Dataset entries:
::::
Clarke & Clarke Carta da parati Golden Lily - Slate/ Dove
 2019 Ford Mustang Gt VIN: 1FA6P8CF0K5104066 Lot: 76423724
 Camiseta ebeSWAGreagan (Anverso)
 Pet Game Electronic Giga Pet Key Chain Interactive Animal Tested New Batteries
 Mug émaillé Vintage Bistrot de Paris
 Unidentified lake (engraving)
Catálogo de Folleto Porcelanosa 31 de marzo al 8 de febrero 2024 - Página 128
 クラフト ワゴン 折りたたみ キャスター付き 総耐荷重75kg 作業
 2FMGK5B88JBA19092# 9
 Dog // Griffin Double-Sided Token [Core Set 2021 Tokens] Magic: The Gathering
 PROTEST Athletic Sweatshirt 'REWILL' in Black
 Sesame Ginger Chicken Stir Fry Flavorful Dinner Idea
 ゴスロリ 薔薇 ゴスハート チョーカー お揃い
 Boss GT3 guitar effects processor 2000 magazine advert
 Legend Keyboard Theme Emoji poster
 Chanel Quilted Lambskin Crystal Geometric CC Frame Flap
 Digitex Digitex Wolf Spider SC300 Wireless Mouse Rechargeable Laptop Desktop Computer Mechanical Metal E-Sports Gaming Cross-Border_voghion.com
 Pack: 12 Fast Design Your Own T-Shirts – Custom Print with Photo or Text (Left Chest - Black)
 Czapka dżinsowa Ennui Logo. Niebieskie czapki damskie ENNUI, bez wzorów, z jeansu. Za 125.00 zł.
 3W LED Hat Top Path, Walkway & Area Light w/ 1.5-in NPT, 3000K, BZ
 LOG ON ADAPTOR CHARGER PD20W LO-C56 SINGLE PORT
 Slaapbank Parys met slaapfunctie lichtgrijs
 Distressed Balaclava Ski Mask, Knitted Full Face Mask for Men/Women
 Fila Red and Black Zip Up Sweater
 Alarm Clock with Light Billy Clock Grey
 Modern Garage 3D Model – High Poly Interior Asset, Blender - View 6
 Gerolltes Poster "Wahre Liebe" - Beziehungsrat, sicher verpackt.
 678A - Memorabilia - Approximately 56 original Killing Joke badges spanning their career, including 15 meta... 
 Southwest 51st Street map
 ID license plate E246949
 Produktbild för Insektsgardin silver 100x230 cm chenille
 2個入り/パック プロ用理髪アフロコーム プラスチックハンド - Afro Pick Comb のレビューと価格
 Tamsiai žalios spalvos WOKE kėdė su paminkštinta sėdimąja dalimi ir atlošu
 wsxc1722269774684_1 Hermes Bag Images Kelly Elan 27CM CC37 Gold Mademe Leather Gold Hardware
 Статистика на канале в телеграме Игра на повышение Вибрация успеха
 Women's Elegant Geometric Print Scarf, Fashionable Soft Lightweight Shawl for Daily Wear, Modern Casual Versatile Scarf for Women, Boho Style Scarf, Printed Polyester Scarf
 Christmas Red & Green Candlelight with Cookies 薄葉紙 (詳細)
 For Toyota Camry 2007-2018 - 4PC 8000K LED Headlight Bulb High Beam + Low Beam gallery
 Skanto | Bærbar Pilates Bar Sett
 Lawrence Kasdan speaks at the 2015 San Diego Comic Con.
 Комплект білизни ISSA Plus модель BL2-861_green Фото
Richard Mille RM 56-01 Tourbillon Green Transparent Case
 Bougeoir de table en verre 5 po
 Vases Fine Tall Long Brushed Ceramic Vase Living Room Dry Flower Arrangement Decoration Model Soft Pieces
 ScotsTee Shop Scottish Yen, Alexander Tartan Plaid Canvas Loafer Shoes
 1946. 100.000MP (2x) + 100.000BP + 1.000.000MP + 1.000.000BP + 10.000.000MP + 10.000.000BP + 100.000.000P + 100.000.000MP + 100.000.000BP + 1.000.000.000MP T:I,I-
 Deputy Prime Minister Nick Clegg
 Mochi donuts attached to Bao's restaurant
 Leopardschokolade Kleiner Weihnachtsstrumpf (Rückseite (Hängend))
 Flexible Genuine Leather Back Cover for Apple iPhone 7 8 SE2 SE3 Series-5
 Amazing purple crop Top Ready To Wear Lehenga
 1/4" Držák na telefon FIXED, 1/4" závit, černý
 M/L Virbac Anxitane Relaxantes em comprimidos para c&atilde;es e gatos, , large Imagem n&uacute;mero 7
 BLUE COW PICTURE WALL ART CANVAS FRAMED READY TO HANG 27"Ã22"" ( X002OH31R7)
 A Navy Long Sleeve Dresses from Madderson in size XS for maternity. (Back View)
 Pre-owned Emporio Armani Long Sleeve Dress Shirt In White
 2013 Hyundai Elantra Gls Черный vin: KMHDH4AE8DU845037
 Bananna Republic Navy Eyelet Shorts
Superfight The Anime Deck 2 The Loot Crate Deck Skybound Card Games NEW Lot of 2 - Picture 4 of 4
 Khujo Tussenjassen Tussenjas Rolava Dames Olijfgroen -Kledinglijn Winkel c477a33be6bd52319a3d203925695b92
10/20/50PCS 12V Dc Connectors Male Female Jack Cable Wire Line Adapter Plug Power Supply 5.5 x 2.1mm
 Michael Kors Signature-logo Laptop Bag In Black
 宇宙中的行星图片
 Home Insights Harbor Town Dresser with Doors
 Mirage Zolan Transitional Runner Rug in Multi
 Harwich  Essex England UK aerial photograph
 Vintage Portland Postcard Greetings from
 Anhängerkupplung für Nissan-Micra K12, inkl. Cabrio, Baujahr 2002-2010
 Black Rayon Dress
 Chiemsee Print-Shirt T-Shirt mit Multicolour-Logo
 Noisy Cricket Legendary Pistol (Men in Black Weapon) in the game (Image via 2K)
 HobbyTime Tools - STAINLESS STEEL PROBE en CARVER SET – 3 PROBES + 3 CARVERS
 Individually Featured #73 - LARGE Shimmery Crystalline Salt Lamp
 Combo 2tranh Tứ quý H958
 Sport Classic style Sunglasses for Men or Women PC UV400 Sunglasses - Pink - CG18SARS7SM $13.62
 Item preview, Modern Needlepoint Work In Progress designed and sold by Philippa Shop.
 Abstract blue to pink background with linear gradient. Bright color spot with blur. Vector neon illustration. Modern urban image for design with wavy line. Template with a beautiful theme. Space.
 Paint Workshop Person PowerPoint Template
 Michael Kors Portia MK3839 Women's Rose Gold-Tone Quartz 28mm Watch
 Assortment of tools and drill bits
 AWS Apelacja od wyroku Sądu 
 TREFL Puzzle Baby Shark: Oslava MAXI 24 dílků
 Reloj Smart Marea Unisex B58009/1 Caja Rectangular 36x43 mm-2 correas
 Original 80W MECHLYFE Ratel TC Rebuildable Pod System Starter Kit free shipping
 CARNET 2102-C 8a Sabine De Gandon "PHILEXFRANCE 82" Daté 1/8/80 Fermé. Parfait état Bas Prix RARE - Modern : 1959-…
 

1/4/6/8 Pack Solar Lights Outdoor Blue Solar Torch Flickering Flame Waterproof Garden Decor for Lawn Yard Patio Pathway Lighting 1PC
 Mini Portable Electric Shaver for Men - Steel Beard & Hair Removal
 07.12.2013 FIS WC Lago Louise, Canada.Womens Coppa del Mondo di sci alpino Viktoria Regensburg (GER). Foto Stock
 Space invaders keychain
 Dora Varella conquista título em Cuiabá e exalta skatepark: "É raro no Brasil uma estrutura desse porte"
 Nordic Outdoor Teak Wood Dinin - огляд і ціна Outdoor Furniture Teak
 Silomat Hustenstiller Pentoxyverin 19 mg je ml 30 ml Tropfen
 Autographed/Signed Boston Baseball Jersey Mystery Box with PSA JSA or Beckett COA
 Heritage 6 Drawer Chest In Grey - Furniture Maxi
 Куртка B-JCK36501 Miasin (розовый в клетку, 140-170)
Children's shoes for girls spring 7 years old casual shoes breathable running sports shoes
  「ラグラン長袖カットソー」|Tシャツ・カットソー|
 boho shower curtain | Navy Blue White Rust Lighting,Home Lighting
::::
Work instructions
Begin at the first line of the records above and restate each line word for word, stopping after the line with "Chanel Quilted Lambskin".

Task response
Clarke & Clarke Carta da parati Golden Lily - Slate/ Dove
 2019 Ford Mustang Gt VIN: 1FA6P8CF0K5104066 Lot: 76423724
 Camiseta ebeSWAGreagan (Anverso)
 Pet Game Electronic Giga Pet Key Chain Interactive Animal Tested New Batteries
 Mug émaillé Vintage Bistrot de Paris
 Unidentified lake (engraving)
Catálogo de Folleto Porcelanosa 31 de marzo al 8 de febrero 2024 - Página 128
 クラフト ワゴン 折りたたみ キャスター付き 総耐荷重75kg 作業
 2FMGK5B88JBA19092# 9
 Dog // Griffin Double-Sided Token [Core Set 2021 Tokens] Magic: The Gathering
 PROTEST Athletic Sweatshirt 'REWILL' in Black
 Sesame Ginger Chicken Stir Fry Flavorful Dinner Idea
 ゴスロリ 薔薇 ゴスハート チョーカー お揃い
 Boss GT3 guitar effects processor 2000 magazine advert
 Legend Keyboard Theme Emoji poster
 Chanel Quilted Lambskin Crystal Geometric CC Frame Flap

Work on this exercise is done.